## Try it
Your task is to return the listing below word for word, without any of its images.

## Supplied data
- Opening Delimiter -
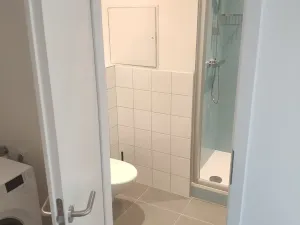 Pronájem bytu 1+1, Praha - Chodov, Ledvinova, 30 m2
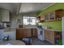 175 Evans Street, Waimataitai, Timaru - Carousel 2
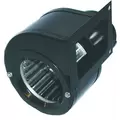 SCHF INFLATION BLOWER 148CFM LG B148 SQ FL
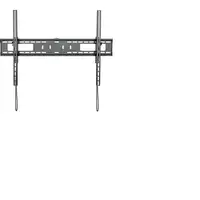 Schwaiger TILT 5 2,54 m (100") Plata Schwaiger TILT 5 2,54 m (100") Plata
- Closing Delimiter -
## Written response
 Pronájem bytu 1+1, Praha - Chodov, Ledvinova, 30 m2
 175 Evans Street, Waimataitai, Timaru - Carousel 2
 SCHF INFLATION BLOWER 148CFM LG B148 SQ FL
 Schwaiger TILT 5 2,54 m (100") Plata Schwaiger TILT 5 2,54 m (100") Plata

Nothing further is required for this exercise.